**Supplied material:**
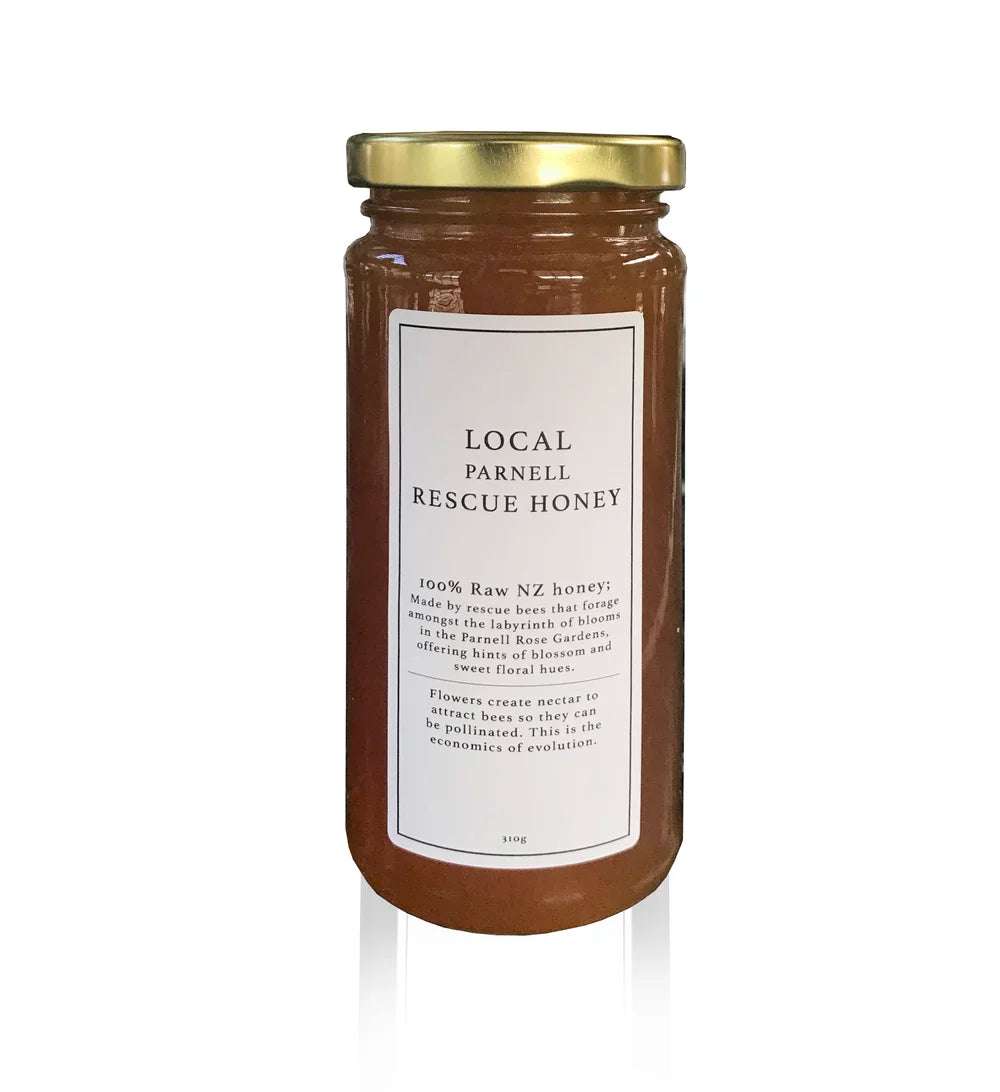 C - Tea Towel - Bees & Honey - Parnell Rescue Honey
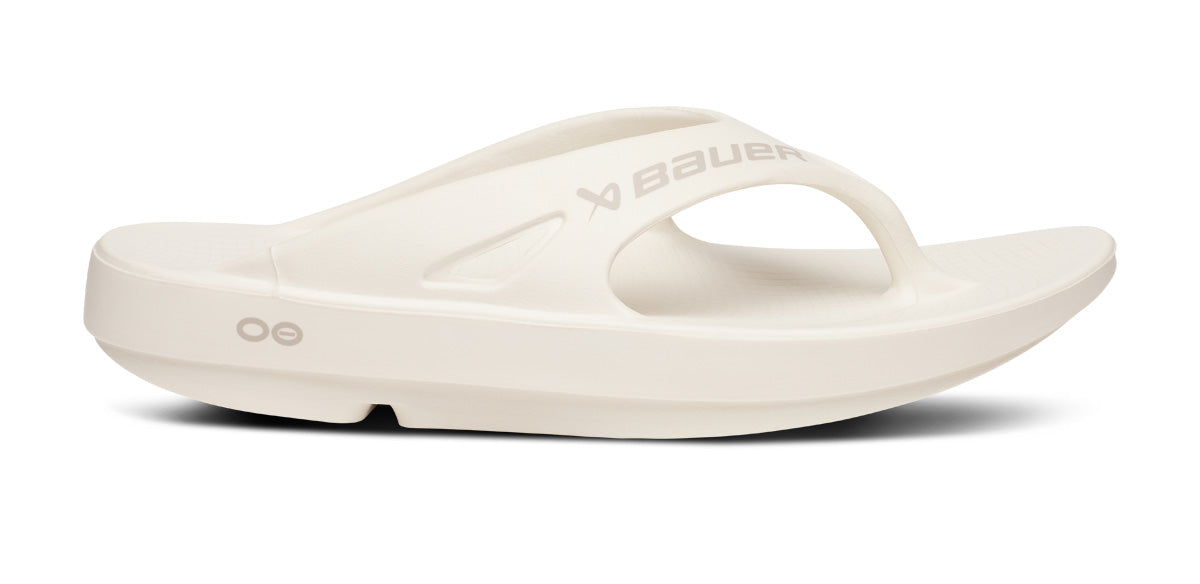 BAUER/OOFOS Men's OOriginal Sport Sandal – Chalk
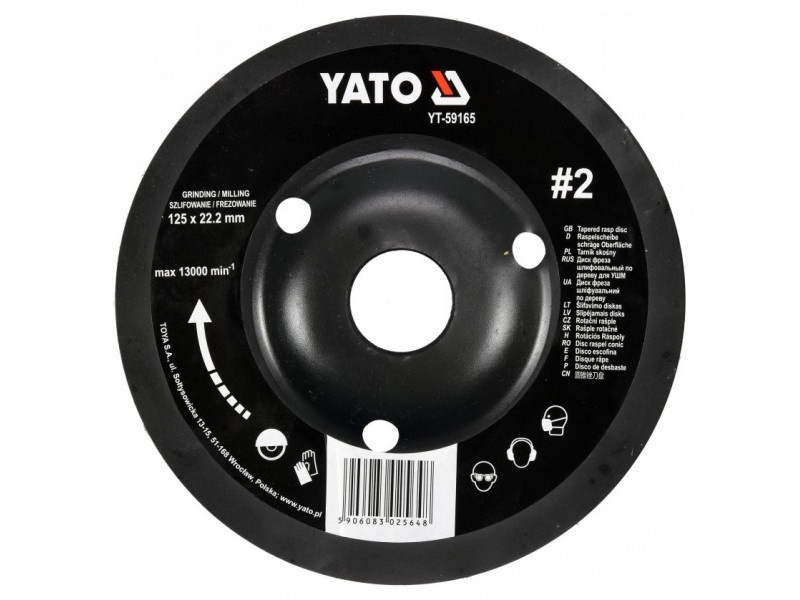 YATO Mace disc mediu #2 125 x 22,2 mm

**What needs to be done:** All that is needed is the lines from the line holding "BAUER/OOFOS Men's OOriginal" to the final line of the listing above, repeated exactly, pictures excluded.

**Answer area:**
 BAUER/OOFOS Men's OOriginal Sport Sandal – Chalk
 YATO Mace disc mediu #2 125 x 22,2 mm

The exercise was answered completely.